7. The second submission of the learned counsel for the

petitioner is that the termination of the petitioner‟s services is, even

otherwise, a very harsh step taken by the respondent and they have

disregarded the circumstances of the petitioner, which were beyond

her control. It is argued that the petitioner‟s mother was suffering

from parkinson‟s disease and that is why the petitioner was not able

to attend to her duties. She also submits that she had about 89

days leave available when she applied for leave initially.

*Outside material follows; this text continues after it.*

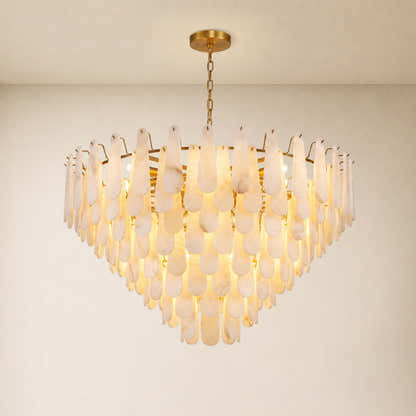 Caldera Alabaster Custom Round Chandelier 48"D 58"D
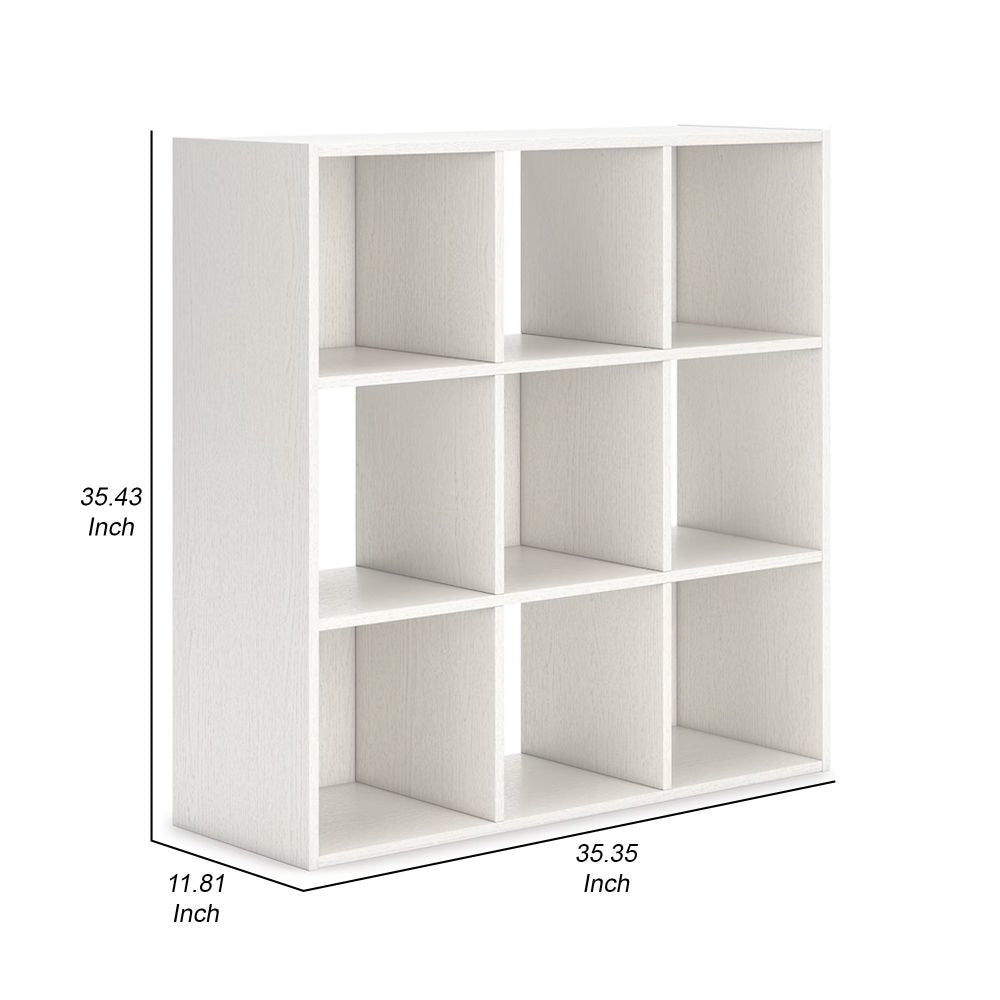 Lizy 35 Inch Bookcase Organizer 9 Cube Storage Compartments White Finish By Casagear Home BM296522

8. Though, there may have been compelling circumstances for

the petitioner to keep her away from her employment, that by itself,

in our view, cannot be a reason for her to remain on leave

indefinitely. Pertinently, initially, she had been sanctioned leave for

20 days only. Thereafter, she kept on seeking extension of her leave

by citing „domestic problem/ personal problem/ complex family

circumstances etc.‟ It appears that the respondents, beyond a

point, did not extend the leave and expressly required the petitioner

to join back her duties, but she did not do so. She continued to

disregard the orders and warnings of the employer. Even the

balance leave to her credit got exhausted. Communications sent to

her on the address furnished by her were returned back by the

postal authorities with the remark that the premises was found

locked.

9. The administration of any organization, and more so, of a

medical organization, cannot be efficiently run in public interest, if

the staff and employees appointed to render services remain on

indefinite leave. The whole system would crumble if on account of

such personal difficulties and for personal reasons, the

administration is expected to continue granting leave and extending

leave of employees for an indefinite period. The respondents

cannot be faulted for not extending the initial sanctioned leave for

20 days for about 19 months, which was the period that had

elapsed for which the petitioner did not report for work, by the time

termination order was passed. The petitioner cannot be permitted

to hold the administration to ransom only on account of her

personal difficulties and the respondent cannot be made to wait

indefinitely for the petitioner to re-join her services.

10. We find no infirmity in the impugned order. Dismissed.

VIPIN SANGHI, J.

DECEMBER 21, 2009                                      ANIL KUMAR, J.